TASK: Go over the lines below, and when one contains the word "Complete", copy it.
== DATA FOR THIS TASK ==
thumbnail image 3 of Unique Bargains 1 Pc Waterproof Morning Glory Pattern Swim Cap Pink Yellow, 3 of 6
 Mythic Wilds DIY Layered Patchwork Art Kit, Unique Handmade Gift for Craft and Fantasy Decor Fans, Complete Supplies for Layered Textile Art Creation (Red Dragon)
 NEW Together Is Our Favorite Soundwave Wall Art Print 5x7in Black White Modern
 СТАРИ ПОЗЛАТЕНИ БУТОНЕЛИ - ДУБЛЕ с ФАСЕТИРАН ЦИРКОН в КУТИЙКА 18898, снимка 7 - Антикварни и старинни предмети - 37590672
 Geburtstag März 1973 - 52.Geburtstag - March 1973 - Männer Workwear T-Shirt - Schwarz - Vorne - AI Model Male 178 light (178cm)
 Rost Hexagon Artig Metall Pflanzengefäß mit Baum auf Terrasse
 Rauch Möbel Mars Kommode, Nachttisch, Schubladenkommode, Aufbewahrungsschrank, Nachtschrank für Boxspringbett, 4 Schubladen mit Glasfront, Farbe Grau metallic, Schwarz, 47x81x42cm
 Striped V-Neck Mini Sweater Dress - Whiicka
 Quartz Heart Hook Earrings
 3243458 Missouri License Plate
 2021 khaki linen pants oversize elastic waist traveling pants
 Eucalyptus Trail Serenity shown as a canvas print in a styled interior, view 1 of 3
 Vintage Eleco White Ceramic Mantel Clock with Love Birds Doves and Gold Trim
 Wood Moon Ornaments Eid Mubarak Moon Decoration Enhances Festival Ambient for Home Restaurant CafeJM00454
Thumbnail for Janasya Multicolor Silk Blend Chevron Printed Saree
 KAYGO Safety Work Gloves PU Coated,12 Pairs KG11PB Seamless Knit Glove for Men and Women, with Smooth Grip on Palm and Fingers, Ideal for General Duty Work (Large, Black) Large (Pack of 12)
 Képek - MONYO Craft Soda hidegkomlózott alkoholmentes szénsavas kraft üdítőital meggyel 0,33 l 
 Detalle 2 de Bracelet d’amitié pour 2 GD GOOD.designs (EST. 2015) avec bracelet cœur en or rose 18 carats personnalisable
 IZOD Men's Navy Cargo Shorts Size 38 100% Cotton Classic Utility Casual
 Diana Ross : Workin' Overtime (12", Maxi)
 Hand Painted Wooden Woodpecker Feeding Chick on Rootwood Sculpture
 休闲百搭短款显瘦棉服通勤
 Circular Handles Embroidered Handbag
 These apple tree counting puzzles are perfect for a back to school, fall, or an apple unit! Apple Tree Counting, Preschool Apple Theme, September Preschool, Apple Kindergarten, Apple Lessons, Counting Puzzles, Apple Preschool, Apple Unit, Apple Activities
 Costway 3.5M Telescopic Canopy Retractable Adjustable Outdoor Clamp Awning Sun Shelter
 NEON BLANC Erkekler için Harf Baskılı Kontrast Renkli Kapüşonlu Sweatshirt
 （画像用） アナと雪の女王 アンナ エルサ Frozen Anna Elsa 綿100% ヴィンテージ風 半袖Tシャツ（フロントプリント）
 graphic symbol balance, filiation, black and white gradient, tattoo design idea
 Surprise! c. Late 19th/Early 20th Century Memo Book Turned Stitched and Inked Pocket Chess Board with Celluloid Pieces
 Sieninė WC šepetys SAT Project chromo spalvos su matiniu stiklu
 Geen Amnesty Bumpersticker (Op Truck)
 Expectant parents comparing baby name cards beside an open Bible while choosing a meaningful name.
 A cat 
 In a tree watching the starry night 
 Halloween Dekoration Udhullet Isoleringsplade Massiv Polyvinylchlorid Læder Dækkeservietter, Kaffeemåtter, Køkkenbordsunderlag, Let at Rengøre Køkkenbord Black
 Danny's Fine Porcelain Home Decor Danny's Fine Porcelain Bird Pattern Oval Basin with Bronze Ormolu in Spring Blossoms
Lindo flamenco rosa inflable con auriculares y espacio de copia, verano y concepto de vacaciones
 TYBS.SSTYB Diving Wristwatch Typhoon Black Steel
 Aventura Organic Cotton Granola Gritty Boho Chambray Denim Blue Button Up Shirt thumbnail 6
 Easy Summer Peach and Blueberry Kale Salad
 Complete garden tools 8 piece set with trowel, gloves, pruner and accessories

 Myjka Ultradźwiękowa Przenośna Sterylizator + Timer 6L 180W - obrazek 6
===
EXERCISE SOLUTION:
 Mythic Wilds DIY Layered Patchwork Art Kit, Unique Handmade Gift for Craft and Fantasy Decor Fans, Complete Supplies for Layered Textile Art Creation (Red Dragon)
 Complete garden tools 8 piece set with trowel, gloves, pruner and accessories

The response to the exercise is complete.